For only using 4 pca features, I'm impressed with how well this did.  However, I'm still below 90% accuracy.

### Add 3 categorical features to the above PCA features to see if this gives me any lift

In [90]:
X = pd.concat((X, pd.get_dummies(y2015[['home_ownership', 'purpose', "emp_length"]])), axis=1)

In [106]:
# verify categories have been added correctly
X.shape

(421095, 22)

In [93]:
# test with the above 4 features to get a baseline

from sklearn import ensemble
from sklearn.model_selection import cross_val_score

rfc = ensemble.RandomForestClassifier()

# include loan_status as target variable for model
Y = y2015['loan_status']

cross_val_score(rfc, X, Y, cv=10)



array([0.87354848, 0.85618959, 0.8503004 , 0.88207357, 0.84573735,
       0.86471147, 0.87055024, 0.85993493, 0.86035576, 0.87647841])

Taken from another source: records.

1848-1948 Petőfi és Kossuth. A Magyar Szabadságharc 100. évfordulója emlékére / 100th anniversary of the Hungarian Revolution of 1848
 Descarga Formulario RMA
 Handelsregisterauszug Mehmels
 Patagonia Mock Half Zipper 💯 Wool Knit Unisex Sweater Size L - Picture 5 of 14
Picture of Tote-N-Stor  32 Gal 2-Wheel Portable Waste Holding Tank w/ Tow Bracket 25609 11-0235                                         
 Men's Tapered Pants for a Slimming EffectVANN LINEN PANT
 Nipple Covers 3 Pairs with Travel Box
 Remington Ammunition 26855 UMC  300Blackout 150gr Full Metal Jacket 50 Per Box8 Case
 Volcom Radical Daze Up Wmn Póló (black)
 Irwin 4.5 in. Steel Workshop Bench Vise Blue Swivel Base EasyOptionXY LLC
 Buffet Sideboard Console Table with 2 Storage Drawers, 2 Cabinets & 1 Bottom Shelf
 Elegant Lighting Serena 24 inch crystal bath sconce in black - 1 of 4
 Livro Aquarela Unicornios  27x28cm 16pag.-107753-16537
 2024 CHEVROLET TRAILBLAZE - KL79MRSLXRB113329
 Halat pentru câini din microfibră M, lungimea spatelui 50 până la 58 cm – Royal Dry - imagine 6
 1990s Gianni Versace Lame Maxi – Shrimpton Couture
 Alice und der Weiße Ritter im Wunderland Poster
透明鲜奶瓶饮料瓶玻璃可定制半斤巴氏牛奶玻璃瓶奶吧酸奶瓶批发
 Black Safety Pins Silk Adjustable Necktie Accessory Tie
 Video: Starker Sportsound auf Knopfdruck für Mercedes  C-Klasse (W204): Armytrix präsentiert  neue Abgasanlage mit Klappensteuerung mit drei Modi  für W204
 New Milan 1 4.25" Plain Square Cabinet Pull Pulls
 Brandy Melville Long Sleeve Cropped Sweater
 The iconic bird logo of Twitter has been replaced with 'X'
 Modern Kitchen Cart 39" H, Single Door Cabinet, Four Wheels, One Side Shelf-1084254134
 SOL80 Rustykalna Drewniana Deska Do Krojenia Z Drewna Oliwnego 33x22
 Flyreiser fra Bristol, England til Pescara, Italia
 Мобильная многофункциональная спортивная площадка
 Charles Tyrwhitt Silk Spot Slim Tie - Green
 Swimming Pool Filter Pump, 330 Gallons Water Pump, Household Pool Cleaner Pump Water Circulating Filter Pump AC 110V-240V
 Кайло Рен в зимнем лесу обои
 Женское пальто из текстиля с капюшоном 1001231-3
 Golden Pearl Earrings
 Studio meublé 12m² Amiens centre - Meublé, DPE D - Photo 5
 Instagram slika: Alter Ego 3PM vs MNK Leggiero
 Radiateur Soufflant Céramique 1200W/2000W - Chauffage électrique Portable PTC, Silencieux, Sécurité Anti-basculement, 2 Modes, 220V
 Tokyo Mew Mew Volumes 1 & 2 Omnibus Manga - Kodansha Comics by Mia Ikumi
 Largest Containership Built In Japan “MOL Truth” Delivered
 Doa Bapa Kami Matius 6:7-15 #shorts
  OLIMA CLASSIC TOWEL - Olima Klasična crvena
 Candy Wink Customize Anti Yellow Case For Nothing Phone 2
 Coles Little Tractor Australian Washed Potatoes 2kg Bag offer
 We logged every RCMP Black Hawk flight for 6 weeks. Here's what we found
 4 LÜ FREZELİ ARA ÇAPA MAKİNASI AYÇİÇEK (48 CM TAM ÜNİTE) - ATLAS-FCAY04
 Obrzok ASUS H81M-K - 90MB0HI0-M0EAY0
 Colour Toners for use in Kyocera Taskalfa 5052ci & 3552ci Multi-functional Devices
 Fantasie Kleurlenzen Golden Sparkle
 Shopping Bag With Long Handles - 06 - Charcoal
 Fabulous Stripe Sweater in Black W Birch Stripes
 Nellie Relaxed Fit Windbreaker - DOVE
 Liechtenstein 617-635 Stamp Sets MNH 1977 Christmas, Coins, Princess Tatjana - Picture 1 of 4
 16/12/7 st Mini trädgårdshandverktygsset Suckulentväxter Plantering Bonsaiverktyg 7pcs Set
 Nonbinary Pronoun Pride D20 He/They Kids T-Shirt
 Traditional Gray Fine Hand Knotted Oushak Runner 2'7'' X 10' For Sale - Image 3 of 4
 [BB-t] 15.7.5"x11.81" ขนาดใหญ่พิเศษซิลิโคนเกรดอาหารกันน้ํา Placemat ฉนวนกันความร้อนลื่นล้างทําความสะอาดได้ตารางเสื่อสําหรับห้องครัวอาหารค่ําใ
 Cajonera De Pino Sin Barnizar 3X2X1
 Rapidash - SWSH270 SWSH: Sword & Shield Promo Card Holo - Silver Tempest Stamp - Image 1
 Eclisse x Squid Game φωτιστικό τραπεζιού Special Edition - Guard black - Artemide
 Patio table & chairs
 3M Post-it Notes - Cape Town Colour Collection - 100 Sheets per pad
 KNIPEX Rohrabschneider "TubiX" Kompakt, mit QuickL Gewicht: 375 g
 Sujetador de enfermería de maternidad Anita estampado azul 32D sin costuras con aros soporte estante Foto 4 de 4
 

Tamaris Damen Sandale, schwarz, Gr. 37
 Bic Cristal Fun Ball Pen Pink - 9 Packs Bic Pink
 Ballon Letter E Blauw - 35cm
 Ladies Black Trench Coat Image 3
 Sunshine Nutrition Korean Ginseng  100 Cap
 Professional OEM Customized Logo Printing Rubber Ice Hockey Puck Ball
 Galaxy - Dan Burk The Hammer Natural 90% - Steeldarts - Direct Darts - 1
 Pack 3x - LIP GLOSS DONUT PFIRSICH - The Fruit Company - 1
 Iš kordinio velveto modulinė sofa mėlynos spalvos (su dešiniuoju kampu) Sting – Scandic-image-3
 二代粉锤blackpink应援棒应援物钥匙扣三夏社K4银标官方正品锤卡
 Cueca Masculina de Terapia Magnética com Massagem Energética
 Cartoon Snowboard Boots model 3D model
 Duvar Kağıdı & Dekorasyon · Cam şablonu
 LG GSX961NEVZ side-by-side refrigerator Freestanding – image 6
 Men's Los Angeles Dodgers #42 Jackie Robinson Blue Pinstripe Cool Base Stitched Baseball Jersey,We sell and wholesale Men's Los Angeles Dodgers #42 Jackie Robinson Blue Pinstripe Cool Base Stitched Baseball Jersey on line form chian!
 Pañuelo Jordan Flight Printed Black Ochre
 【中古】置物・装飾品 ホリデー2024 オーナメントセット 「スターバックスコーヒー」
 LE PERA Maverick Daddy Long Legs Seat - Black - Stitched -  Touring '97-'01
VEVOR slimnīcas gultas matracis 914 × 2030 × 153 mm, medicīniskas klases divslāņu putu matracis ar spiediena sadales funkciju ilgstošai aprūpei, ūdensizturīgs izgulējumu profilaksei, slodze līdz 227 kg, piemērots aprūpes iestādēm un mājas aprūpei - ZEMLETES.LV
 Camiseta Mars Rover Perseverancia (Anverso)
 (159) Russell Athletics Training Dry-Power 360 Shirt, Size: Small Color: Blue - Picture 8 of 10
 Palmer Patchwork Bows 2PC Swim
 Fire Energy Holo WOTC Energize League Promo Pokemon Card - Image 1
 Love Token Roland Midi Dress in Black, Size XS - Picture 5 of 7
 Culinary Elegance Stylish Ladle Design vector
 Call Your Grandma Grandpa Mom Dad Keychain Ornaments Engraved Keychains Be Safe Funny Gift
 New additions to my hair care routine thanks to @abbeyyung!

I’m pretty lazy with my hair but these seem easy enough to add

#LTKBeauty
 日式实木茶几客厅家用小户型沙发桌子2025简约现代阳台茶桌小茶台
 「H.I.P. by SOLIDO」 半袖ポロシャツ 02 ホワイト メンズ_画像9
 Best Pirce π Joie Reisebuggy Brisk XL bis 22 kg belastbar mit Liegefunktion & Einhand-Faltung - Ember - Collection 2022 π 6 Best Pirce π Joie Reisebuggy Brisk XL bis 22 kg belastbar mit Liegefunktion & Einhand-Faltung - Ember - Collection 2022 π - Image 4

Adding a few categories didn't seem to make any difference, I'm still below 90% cross validation score.

How could I run the above on the full features to be able find the most relevant features?  When run with the full feature set the kernel crashes.

Can you do it without using anything related to payment amount or outstanding principal? How do you know?